More recently, and very shocking,
is the arrest and suspended imprisonment sentences of drill musicians for performing their work live is perhaps the most shocking overreach of police and judicial power in the arts that we have seen in over twenty years. Skengdo and AM, names new to me, but big enough in their music community to be playing to large crowds, join a list of artists targeted for their work. It is a dark time.
With Brexit continuing to suck all the air from the room, its easy to forget how little Europe or being part of the European union has been part of our artistic discussions over the years. There's often a parochialism about our island nation that turns inward whenever there appears to be a threat or a difference that we don't understand.

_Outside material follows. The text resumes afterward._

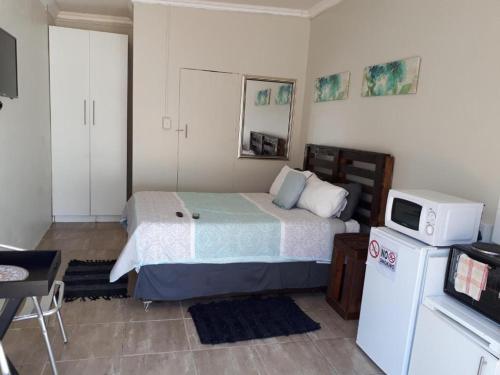a bedroom with a bed with a microwave and a refrigerator at 8 Soenie Avenue Self-Catering in Pretoria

Like the cloud that covers the land in Ishiguro's metaphorical novel "The Buried Giant", we prefer the mist of isolation, than to see the ships arriving on the horizon - and that seems to be whether they bring enemies or new goods to trade. We've often, as a nation, punched above our weight creatively, benefiting as often as not, from our isolation, our cold, damp winters, and our English language; but also that's a chimera; many of our most important artists are imports - think Handel, T.S. Eliot, Epstein, even popular favourite Freddy Mercury - or from our polyglot margins, Celts, Scots, Irish, or imports from an English-speaking empire. Our last two Nobel writers - Lessing and Ishiguro - as examples.
This is not necessarily to aim for a political art, but to appreciate how political art can be in and of itself. Brecht clearly recognised the potency of reviving the Beggar's Opera in a different context, and it flew; for a contemporary Britain our narratives need to move past the sentimental. Even the uproar around Danny Boyle's attempts to create a corrective narrative for his Olympics opening ceremony in 2012, now seem partially obscured by what was clearly - in an age of austerity - a festival of bread and circuses. The avant garde - if such exists - and if we are even allowed to use such as French term (for which there is no direct English equivalent) has always been an international exchange of ideas, above and beyond the differences of language and culture; it is resisted by Putin in imprisoning Pussy Riot just as it was in other places and other times. Here and now, we see that government funding for the arts becomes more and more a creature of political whim; May's attempt for a post-Brexit festival of Britain could well fall flat on the impossibility of her uninspiring leadership delivering on any kind of Brexit that doesn't destroy the country. The funding will no doubt stay in place, the chosen artists may well be ones willing to bite the hand that feeds, but as ever, the scale and majesty of officially sanctioned art, can act to nullify even the most experimental of gestures.
At the same time - this weekend in Glasgow to see art - and hearing about a range of D.I.Y. and grassroots events in Manchester, our own resistance is far from subdued. Art on its own as is never enough, as the crowds flocking to Die Dreigschenoper would soon be going about their normal lives, fleeing or dead, or part of the nationalist war machine; its easy to forget (as we stockpile tins and bottled water for a "no deal" Brexit) that we need bread and circuses. Let's be careful who is providing them however, and what are their motives.